Dans quel état avez-vous trouvé le Grand Palais à votre arrivée, l’été dernier, et serez-vous prêt à le livrer, comme prévu, pour les Jeux olympiques et paralympiques ?

Le Grand Palais est à l’heure actuelle en travaux dans la totalité de ses espaces. Il faut imaginer une structure plus grande (72 000 m2) que le château de Versailles (67 000 m2), entièrement désossée. Plus de fenêtres, plus un seul câble, plus rien.
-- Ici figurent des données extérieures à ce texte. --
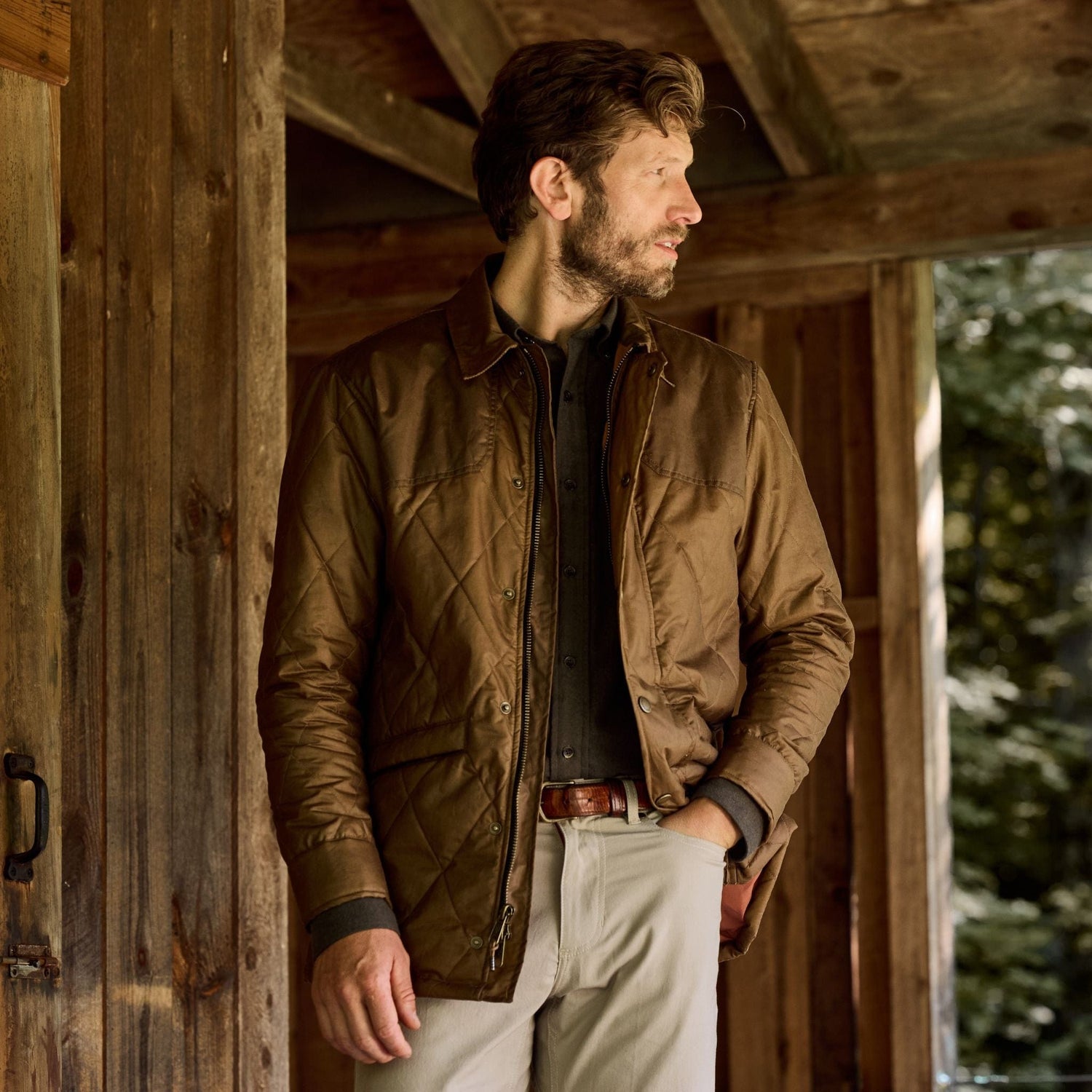 A man in a Tom Beckbe Paddock Quilted Jacket and light pants stands on a porch, glancing sideways with trees behind.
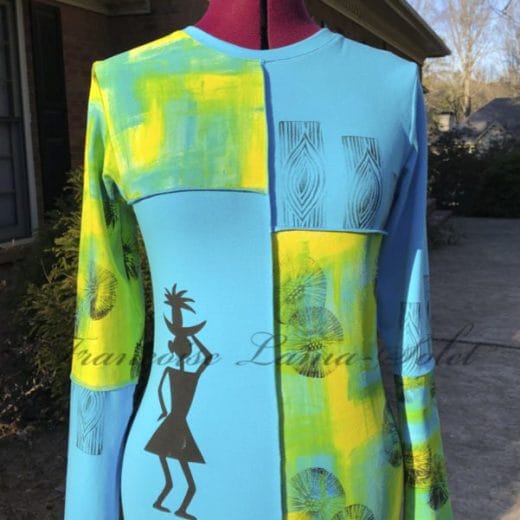 A vibrant long-sleeve t-shirt made of soft cotton lycra jersey, featuring hand-painted abstract patterns in yellow, green, and turquoise blue, accented with bold black tribal-inspired prints and visible seams for a modern look.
Il s’agit d’un chantier phénoménal, relancé par Chris Dercon, mon prédécesseur, piloté par François Chatillon, l’architecte en chef des monuments historiques, et ses équipes, sur lequel travaillent plus de 800 personnes, des ouvriers qui percent les dalles au marteau-piqueur, des électriciens, des compagnons du devoir, des peintres et des artisans qui réparent les mosaïques… Tous travaillent en même temps, sous la direction de Daniel Sancho, directeur du projet, et des meilleures entreprises françaises, tant sur de minuscules objets d’1 cm2 que sur d’énormes volumes de béton. Sur un chantier normal, le travail est organisé par phases. Ici, c’est impossible en raison de la tenue de notre calendrier, avec une livraison impérative pour les Jeux olympiques. Et nous sommes dans les temps.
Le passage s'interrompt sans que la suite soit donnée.